Title:Brain-derived Neurotrophic Factor Promotes Growth of Neurons and Neural Stem Cells Possibly by Triggering the Phosphoinositide 3-Kinase/ AKT/Glycogen Synthase Kinase-3β/β-catenin Pathway
Volume: 16
Issue: 7
Author(s): Xing-tong Li, Zhang Liang, Tong-tong Wang, Jin-wei Yang, Wei Ma, Shi-kang Deng, Xian-bin Wang, Yun-fei Dai, Jian-hui Guo*Li-yan Li*
Affiliation:
- Second Department of General Surgery, First People's Hospital of Yunnan Province, Kunming, Yunnan,China
- Institute of Neuroscience, Kunming Medical University, Kunming, Yunnan,China
Keywords:
Brain-derived neurotrophic factor, β-catenin, glycogen synthase kinase-3β, neural stem cells, neurons, phosphoinositide
3-kinase, protein kinase B, PKB.
Abstract: Background: Brain-derived neurotrophic factor (BDNF) plays a crucial role in promoting
survival and differentiation of neurons and neural stem cells (NSCs), but the downstream regulating
mechanisms remain poorly understood.
Objective: We investigated whether BDNF exerts its effect by triggering the phosphoinositide 3-kinase
(PI3K), protein kinase B, PKB (AKT), glycogen synthase kinase-3β (GSK-3β) and β-catenin signaling
pathway in cultured neurons and NSCs derived from the rat embryonic spinal cord.

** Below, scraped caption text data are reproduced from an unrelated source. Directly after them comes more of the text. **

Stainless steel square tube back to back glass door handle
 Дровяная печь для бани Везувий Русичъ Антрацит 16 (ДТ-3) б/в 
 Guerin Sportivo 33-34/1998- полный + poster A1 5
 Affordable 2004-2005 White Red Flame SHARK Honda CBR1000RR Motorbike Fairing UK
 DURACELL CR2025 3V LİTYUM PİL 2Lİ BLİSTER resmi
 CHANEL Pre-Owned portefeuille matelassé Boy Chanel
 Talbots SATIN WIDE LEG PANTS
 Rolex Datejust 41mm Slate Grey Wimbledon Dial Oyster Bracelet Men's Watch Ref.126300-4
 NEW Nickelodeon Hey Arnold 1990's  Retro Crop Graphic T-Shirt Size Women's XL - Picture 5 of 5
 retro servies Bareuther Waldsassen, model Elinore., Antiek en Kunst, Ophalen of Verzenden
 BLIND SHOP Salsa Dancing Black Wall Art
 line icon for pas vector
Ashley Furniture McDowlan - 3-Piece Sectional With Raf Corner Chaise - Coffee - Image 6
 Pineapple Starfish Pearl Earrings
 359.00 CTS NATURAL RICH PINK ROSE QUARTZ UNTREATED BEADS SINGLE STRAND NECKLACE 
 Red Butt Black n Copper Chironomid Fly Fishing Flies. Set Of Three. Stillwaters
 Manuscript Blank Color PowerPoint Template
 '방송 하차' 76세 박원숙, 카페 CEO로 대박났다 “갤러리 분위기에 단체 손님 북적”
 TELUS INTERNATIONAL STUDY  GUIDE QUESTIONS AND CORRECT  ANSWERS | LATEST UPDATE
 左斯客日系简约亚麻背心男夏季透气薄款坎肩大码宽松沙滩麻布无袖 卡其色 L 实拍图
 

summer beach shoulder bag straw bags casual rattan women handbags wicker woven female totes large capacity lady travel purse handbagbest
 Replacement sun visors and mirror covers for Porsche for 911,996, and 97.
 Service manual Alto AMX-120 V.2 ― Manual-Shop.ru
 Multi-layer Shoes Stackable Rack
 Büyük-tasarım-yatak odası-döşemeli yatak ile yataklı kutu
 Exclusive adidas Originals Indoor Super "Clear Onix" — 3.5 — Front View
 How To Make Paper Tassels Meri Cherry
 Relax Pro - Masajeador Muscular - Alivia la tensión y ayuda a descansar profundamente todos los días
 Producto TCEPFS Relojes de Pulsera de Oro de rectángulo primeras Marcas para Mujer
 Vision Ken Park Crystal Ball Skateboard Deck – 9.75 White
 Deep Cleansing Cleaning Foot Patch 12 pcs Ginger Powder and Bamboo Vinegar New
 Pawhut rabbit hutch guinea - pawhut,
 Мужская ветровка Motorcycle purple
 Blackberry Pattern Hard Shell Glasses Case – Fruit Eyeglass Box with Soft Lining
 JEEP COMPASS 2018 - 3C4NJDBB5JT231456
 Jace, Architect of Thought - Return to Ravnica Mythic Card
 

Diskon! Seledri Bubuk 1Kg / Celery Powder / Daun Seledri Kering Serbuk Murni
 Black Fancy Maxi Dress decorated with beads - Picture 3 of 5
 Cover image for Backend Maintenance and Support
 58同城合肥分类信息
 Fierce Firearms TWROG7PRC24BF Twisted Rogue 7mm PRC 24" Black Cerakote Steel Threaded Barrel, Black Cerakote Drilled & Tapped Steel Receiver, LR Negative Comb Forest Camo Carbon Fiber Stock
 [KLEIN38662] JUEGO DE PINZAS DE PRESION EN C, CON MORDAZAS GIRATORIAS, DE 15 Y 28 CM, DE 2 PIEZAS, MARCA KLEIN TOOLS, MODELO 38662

Method: Immunocytochemistry was used to detect neuronal and NSCs characteristics. RT-PCR was
used to detect PI3K/AKT/GSK3β/β-catenin pathway expression.
Results: Neurons and NSCs were successfully separated and cultured from Sprague-Dawley rat embryonic
spinal cord and were respectively labeled using immunocytochemistry. Neuron-specific nuclear
protein, neuronal class III β-tubulin, and neurofilament expression were detected in neurons;
nestin, glial fibrillary acidic protein, microtubule-associated protein 2 and chondroitin sulfate glycosaminoglycan
expression were detected in the NSCs. BDNF promoted significant neuronal growth
(number, soma size, and average neurite length), as well as NSCs proliferation and differentiation, but
BDNF antibody decreased neuronal growth and NSCs proliferation and differentiation. RT-PCR was
used to detect changes in BDNF signal pathway components, showing that BDNF upregulated tropomyosin
receptor kinase B, phosphoinositide 3-kinase (PI3K), AKT and β-catenin, but downregulated
GSK-3β in the neurons and NSCs. BDNF antibody downregulated BDNF, tropomyosin receptor
kinase B, PI3K, AKT, β-catenin and cellular-myelocytomatosis viral oncogene, but upregulated GSK-
3β, in the neurons and NSCs.
Conclusion: Our findings suggested that BDNF contributed to neuronal growth and proliferation and
differentiation of NSCs in vitro by stimulating PI3K/AKT/GSK3β/β-catenin pathways.